Fue un asidero. En aquel tiempo la casa estaba en remodelación después del caótico divorcio de mis padres. Poco a poco, iban desapareciendo muebles, cajas con fotos, casettes y ropa. En ese libro nos encontrábamos cada noche. Las palabras eran tierra firme. Las historias, ilusiones tan vívidas que por un momento nos permitían olvidar lo demás.

Estos días, él vuelve exhausto del trabajo. Hablamos poco: parece molesto todo el tiempo. Si acaso conversamos es sobre alguna reparación de la casa, o para hacer cuentas de los gastos en común. Después, él se prepara unas quesadillas para cenar y se encierra en su habitación con los audífonos puestos, a escuchar batallas de rap o hablar por teléfono. Desde la sala lo oigo platicar con los amigos que dejó en Tlaxcala. Supongo que está triste. No me consta. No me atrevo a preguntarle. Quisiera saber en qué momento dejamos de utilizar ese puente para comunicarnos. Me refiero a las palabras.

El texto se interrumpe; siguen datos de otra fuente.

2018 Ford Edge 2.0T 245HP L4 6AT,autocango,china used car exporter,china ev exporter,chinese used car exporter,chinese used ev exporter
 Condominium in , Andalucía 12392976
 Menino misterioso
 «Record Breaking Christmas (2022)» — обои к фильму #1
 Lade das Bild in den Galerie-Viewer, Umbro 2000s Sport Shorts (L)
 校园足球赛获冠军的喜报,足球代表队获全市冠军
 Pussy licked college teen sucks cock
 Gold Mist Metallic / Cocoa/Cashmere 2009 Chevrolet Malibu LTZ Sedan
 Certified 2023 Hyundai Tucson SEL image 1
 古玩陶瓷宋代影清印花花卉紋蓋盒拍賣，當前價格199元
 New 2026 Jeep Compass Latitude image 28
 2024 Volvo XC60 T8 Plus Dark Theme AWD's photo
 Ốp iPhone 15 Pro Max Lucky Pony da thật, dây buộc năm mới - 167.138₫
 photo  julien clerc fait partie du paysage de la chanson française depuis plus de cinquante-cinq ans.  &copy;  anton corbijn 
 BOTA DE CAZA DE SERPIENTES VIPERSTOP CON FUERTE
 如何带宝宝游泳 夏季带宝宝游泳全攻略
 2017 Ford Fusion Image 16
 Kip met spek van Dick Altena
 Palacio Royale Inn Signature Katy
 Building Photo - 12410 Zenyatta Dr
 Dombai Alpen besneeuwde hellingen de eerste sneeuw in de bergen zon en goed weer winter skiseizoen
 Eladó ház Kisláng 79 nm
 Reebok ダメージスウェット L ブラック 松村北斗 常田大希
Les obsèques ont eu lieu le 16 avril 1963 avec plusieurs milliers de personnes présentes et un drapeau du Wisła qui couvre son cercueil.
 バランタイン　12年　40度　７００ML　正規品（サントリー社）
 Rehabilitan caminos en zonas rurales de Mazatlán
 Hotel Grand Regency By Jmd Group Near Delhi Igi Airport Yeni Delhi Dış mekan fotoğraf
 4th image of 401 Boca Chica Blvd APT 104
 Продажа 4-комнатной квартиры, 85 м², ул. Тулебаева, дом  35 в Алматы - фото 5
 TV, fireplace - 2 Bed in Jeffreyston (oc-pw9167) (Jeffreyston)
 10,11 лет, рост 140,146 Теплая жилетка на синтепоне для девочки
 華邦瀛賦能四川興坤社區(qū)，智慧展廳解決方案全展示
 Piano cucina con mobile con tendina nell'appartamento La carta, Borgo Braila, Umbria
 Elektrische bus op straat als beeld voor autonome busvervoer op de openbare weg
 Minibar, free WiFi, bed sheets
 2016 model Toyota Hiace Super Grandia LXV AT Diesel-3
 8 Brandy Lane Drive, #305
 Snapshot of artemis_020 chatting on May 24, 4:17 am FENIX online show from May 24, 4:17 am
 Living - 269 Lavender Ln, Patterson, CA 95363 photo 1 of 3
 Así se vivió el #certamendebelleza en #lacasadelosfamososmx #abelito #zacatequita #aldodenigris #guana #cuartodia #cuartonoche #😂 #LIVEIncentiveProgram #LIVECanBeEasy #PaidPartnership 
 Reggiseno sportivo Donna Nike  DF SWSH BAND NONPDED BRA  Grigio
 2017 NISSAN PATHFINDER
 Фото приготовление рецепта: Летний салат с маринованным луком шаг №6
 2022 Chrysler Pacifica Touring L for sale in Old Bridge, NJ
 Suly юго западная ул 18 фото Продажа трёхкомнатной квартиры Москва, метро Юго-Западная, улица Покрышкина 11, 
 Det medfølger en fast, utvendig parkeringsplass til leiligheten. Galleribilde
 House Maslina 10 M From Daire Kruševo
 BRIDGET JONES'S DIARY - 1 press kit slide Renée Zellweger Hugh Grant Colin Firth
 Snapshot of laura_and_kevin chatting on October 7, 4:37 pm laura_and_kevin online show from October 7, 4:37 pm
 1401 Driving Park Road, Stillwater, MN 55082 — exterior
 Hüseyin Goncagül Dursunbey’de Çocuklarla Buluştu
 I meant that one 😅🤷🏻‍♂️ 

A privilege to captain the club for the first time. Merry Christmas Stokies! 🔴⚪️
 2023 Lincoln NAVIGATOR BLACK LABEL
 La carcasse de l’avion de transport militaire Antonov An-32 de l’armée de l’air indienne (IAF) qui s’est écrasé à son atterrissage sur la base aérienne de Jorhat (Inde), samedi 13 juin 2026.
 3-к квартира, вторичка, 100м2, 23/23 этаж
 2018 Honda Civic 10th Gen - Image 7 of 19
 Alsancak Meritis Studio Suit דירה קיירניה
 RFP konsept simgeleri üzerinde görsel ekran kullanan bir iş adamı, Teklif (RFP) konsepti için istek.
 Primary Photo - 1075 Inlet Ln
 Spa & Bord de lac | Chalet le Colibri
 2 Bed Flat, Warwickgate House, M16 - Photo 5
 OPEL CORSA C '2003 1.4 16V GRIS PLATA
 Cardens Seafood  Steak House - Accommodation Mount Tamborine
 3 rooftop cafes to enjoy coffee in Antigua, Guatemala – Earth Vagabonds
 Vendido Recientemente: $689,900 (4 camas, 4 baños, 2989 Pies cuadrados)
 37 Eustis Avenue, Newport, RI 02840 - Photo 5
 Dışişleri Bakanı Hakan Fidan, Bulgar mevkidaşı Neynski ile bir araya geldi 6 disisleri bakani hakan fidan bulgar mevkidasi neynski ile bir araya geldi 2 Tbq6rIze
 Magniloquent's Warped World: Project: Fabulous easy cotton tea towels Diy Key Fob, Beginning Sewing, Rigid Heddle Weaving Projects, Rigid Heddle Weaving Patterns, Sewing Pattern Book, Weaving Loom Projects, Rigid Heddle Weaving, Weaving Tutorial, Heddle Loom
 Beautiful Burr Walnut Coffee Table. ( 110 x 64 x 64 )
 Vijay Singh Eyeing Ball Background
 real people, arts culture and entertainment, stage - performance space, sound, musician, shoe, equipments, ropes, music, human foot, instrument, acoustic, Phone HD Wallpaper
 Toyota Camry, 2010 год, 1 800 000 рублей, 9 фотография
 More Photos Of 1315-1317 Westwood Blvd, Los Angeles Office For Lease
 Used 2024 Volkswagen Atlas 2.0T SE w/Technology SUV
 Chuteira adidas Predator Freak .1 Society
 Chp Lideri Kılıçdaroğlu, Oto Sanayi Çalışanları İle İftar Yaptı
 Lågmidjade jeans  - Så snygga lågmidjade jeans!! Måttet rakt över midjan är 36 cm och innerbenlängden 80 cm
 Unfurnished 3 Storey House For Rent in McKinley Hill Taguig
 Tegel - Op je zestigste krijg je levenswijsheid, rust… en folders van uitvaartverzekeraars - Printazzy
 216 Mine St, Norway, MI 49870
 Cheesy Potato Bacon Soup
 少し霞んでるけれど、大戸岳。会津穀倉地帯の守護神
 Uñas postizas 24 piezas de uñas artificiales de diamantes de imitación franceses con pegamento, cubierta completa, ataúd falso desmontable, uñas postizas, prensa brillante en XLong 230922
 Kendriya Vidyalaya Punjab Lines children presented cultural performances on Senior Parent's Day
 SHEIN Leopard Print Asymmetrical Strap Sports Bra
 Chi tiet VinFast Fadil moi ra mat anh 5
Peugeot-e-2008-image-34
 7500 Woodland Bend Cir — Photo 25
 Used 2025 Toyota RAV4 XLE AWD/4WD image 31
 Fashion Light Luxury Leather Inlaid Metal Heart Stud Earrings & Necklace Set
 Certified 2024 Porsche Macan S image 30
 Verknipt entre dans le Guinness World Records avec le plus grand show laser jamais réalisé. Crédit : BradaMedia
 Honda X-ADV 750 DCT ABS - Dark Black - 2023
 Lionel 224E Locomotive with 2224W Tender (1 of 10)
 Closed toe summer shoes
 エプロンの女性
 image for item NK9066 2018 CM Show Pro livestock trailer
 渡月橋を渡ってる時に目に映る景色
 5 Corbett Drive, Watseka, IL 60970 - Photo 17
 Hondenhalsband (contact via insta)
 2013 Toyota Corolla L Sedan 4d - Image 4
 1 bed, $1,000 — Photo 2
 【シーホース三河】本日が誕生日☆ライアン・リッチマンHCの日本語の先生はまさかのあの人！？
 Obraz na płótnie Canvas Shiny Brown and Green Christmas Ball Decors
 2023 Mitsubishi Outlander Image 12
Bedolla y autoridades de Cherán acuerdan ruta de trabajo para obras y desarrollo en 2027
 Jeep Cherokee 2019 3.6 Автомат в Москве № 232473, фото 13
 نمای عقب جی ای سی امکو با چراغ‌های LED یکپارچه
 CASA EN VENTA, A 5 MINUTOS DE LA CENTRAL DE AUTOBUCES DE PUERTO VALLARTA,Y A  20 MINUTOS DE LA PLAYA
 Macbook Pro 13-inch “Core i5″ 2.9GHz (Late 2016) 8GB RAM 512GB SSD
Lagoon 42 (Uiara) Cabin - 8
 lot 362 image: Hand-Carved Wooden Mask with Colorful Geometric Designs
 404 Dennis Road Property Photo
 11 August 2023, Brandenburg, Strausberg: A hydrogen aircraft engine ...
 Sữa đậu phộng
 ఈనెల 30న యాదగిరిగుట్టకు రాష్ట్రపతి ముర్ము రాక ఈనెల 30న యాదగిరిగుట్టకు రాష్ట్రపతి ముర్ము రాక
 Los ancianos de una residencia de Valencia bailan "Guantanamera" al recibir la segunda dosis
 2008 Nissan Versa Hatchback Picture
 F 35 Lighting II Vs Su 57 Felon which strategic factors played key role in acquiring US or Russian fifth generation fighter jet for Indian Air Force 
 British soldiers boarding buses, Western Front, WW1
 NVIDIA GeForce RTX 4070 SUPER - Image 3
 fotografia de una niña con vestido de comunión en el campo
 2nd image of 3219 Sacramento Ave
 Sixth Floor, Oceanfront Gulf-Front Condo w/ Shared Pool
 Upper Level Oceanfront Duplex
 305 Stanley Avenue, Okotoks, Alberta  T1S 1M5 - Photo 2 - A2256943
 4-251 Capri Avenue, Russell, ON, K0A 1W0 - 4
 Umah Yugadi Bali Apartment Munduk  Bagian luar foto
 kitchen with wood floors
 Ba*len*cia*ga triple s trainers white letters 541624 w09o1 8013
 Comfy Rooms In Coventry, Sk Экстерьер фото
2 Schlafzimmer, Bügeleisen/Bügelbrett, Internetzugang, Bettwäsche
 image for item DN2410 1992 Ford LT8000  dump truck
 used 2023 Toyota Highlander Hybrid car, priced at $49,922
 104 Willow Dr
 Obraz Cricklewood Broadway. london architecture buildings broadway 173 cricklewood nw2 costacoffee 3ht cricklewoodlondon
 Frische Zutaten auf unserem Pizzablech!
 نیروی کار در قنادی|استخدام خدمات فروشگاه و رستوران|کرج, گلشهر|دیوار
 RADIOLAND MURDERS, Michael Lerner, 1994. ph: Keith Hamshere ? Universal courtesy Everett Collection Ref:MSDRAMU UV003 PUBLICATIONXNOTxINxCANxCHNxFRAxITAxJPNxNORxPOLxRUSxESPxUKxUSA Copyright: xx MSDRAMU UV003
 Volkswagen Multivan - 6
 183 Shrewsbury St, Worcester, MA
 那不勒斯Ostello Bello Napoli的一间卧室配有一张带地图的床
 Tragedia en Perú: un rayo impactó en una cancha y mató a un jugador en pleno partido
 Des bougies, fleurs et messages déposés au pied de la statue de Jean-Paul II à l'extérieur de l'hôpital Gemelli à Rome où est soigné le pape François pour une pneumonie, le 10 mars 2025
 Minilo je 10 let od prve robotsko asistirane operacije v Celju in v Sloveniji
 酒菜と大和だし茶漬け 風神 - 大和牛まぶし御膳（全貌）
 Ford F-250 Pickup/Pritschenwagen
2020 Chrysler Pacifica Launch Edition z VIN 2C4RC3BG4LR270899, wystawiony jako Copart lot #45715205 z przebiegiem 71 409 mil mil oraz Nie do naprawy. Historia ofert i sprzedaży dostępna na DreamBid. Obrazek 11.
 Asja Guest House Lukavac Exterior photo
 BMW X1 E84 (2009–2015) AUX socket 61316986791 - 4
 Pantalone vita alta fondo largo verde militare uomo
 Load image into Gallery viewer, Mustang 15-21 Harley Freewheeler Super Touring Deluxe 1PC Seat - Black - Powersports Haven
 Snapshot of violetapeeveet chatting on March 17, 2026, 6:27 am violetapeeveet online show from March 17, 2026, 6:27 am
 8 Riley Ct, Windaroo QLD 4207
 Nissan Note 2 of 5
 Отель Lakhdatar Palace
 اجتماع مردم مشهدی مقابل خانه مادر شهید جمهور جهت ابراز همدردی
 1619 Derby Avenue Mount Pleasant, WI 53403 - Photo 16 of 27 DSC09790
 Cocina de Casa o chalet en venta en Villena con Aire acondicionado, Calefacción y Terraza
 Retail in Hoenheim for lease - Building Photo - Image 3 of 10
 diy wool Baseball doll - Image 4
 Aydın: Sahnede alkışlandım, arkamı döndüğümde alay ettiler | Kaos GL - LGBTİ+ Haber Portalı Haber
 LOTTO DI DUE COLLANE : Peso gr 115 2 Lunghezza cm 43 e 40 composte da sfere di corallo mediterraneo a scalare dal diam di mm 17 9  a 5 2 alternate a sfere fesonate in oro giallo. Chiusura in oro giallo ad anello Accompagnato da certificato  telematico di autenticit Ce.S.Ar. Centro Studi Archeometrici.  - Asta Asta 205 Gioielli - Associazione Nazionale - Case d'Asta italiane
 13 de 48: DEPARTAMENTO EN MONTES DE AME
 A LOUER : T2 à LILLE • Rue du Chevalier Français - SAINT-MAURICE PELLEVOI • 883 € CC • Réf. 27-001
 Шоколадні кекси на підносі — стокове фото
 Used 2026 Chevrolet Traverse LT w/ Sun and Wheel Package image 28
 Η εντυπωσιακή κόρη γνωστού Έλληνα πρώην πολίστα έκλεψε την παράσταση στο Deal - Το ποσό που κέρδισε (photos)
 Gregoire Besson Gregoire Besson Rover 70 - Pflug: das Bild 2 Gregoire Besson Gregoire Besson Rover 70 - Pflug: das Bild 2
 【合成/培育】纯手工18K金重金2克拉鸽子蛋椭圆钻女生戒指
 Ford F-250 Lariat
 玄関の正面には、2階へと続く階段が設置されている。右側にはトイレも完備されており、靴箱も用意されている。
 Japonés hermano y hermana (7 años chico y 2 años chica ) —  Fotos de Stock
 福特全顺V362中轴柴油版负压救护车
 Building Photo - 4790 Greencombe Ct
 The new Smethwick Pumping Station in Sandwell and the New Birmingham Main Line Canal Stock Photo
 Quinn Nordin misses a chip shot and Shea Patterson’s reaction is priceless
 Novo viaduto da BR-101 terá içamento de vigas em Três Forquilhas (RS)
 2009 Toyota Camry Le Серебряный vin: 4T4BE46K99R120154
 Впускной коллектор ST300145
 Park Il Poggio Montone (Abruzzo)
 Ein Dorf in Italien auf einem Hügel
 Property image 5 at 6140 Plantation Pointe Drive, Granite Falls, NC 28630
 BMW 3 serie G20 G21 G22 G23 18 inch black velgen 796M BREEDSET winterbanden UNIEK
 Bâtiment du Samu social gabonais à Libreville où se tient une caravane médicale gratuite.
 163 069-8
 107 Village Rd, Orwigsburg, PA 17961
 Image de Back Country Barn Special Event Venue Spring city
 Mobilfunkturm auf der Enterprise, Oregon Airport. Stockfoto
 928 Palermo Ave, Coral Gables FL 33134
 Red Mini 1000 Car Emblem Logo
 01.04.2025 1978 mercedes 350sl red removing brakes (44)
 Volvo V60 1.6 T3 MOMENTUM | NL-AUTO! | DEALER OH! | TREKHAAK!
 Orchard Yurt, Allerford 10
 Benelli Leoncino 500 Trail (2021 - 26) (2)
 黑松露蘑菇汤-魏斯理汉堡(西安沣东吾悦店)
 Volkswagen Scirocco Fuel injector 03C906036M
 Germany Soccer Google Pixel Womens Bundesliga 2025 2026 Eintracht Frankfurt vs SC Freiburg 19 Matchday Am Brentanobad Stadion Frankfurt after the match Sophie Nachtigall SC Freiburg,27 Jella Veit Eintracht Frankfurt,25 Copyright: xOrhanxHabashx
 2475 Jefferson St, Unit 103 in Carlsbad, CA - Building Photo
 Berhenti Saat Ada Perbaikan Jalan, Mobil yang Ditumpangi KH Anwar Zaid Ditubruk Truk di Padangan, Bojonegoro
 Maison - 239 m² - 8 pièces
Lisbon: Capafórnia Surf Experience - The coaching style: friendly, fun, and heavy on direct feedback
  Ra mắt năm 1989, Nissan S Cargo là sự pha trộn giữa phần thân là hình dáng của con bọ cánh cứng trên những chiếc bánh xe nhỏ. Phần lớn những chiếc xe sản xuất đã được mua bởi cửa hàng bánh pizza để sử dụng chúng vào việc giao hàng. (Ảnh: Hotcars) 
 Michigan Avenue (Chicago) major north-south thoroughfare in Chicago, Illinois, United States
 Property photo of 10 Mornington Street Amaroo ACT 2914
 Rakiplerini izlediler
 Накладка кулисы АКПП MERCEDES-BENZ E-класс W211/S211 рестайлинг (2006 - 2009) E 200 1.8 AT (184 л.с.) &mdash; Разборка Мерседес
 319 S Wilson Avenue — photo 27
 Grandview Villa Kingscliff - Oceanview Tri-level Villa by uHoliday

Mientras escribo esto, él está dormido. Tengo el sueño desordenado, así que me acuesto unas horas antes de que él se despierte. Incluso en la Ciudad de México, la madrugada es un silencio denso. A través de la puerta de su habitación se filtran murmullos. Mi hermano habla dormido. No distingo lo que dice pero me hace recordar otros tiempos, cuando nos relacionábamos sin problemas, incluso con ternura.